ISGE Program assessment uses formative, summative, seamless, and adaptive assessment techniques to evaluate program efficacy. The two-hour ISGE demo provides detail on the 25 obstacles to effective general education and 25 obstacles to effective interdisciplinary T&L. This is the “formative” evaluation for ISGE design and testing. We have designed three instruments for “summative” evaluation. We begin the course with a 61-question Pre-Test of Attitudes to Science and Learning Science. This instrument also asks specific written response questions about student understanding of the scientific method. We end the course with the same instrument as a 31-question Post-Test of Student Attitudes toward science to see if substantive changes have occurred for each student and the ISGE population as a whole. We have also designed an electronic 111-question instrument that asks students to judge each and every category of ISGE methodology, as well as each ISGE Learning Feature for its effectiveness for them relative to the methods they have encountered in the conventional college course. Results of use of these instruments for the test pilot population of CSU students on two campuses are cited above and more detail is available on the NSF website, or by request. Responses of students in the discussion sessions are also part of the summative method. Altogether >33,000 responses have been encoded for our summative evaluation to-date.

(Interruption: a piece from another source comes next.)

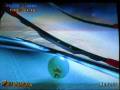 videos de super monkey ball 2 UFO best time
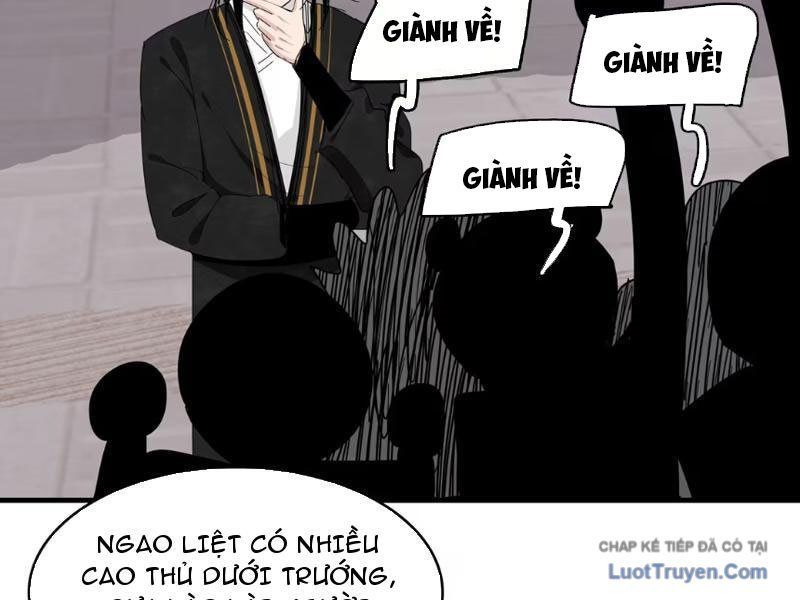 Xuyên Không Thành Ma Tôn Pháo Hôi? Nhưng Ta Là Streamer Công Lược - Chapter 27 - Page 49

In addition to the above, we are proud to announce that the ISGE project, through its NSF funding, and using three Cal Poly Pomona SOAP grants, has developed two new Assessment Techniques not used anywhere else. These have been presented at national conferences. ISGE uses Authorware Professional software from Macromedia for delivery of its multimedia modules. A7P automatically maintains student data on a wide range of variables about student decisions and performance as they are taking the module. This is an integral part of the programming software’s LMS (Learning Management System). We continue to develop software to retrieve this data and combine it for class performance measures, not just for the section, but for all sections at a college, and for all colleges using the ISGE courseware. This allows us to gather “seamless” data (on the fly; as it happens; without interrupting the student) and also to enable slight changes to any particular section of courseware that appears to need change to test whether or not the change improves or inhibits learning across the whole population, or for particular segments. Operating the course is evolving the course, “seamlessly.” This enables “evolutionary /or/ adaptive” assessment and represents two new tools for the national assessment toolbox begun at Cal Poly and available nowhere else to our knowledge.

X. Current Status:

Dr. Troncale is on sabbatical until Spring to finally complete “sufficient” modules for the first yearlong offering of ISGE (25 MMM’s). The “ideal” plan for ISGE would provide a “library” of modules for instructors on different campuses to select from to complete the study program. This would involve a module of case studies for each of the seven sciences for each of the Integrative Themes (7 modules x 9 Integrative Themes = 64 total modules). If one includes the 15 modules for the Scientific Method as an Integrative Theme and the Introductory Modules, the long-term plan would entail ca. 90 modules to choose from. This “ideal” design is the one presented in the Knowledge Map outline for the entire course (if all thee course outlines are fused). Production of one hour of interactive activity in multimedia costs ca. $50,000 to $100,000 according to industry standards (for a total cost of $9 million dollars for the ideal). Clearly, this is a very ambitious “ideal” product whose maximum production is not needed for initial offerings, but is desirable for completeness and flexibility in the future. For example, it is not yet clear from the pilot courses whether or not non-science students can handle more than one multimedia, self-study module per week given the skill-training sessions, discussion sessions, and labs that they must complete each week. Our preliminary data from the pilot audience indicates that our interactive, ISGE multimedia modules take from one to three hours for a typical student to complete, not counting completing the several “learning games” (quizzes) at the end of each module. For the first year of offering, 10 modules will be required per quarter, or more than one per week (given the normal 9 study weeks to allow time for Introduction, holidays and exams). Completion of study of two Integrative Themes per quarter (e.g. Hierarchy Integrative Theme and Scientific Method Theme for the first quarter), instead of the “ideal” four will be required. We will increase these each year while monitoring student reactions and performance.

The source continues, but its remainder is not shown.